Minimum Cost for Cutting Cake I

Minimum Cost for Cutting Cake I - Problem

There is an m x n cake that needs to be cut into 1 x 1 pieces.

You are given integers m, n, and two arrays:

horizontalCut of size m - 1, where horizontalCut[i] represents the cost to cut along the horizontal line i.
verticalCut of size n - 1, where verticalCut[j] represents the cost to cut along the vertical line j.

In one operation, you can choose any piece of cake that is not yet a 1 x 1 square and perform one of the following cuts:

Cut along a horizontal line i at a cost of horizontalCut[i].
Cut along a vertical line j at a cost of verticalCut[j].

After the cut, the piece of cake is divided into two distinct pieces.
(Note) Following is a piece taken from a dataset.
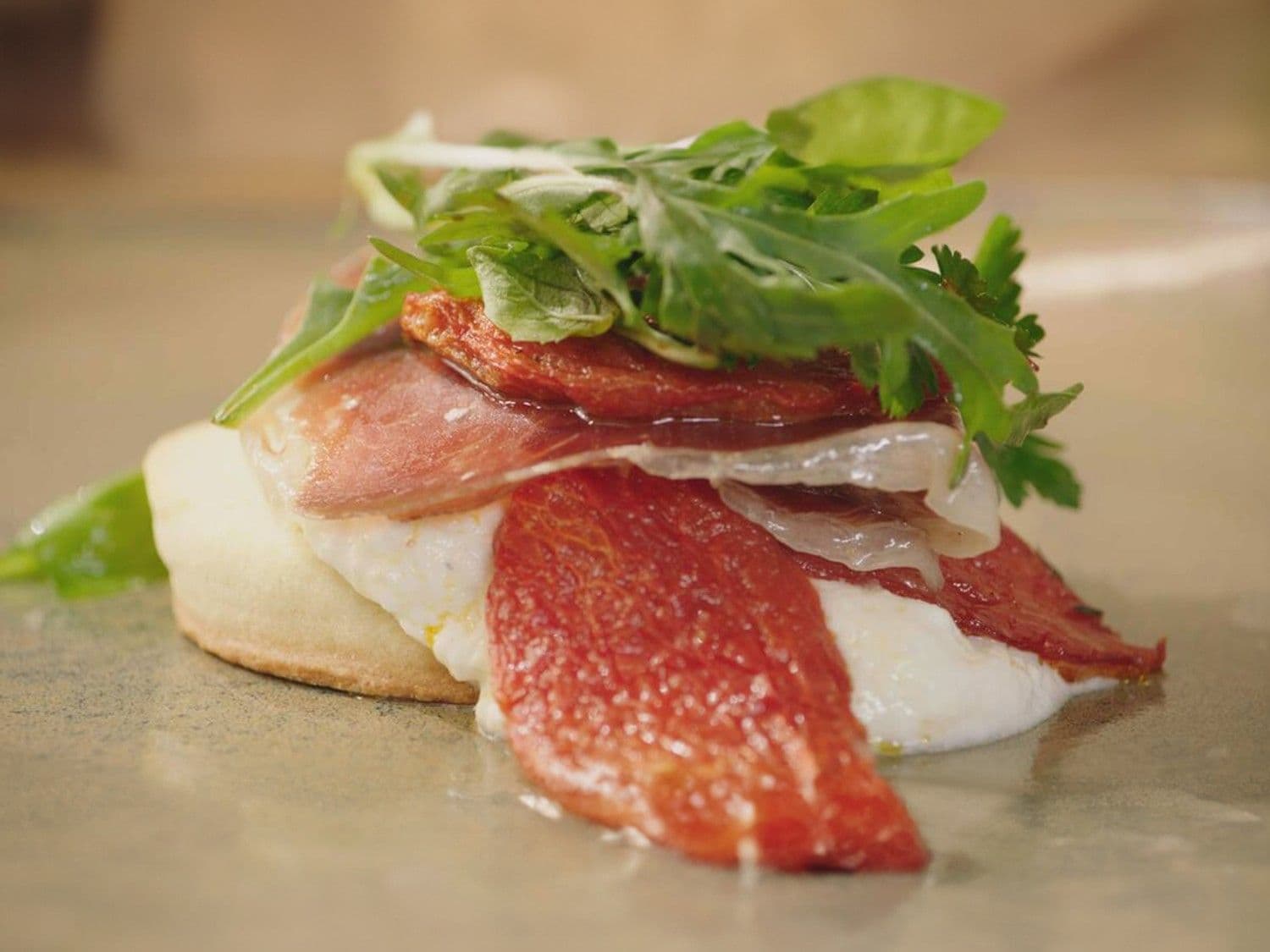 Tartelette met burrata, gekonfijte tomaat en bellota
The cost of a cut depends only on the initial cost of the line and does not change.

Return the minimum total cost to cut the entire cake into 1 x 1 pieces.

Input & Output

Example 1 — Basic Case

$ Input: m = 3, n = 2, horizontalCut = [1,1], verticalCut = [1]

› Output: 4

💡 Note: Make any cut first, but optimal order gives total cost 4. For instance: make both horizontal cuts first (cost 1×1 + 1×1 = 2), then vertical cut affects both pieces (cost 1×2 = 2), total = 4.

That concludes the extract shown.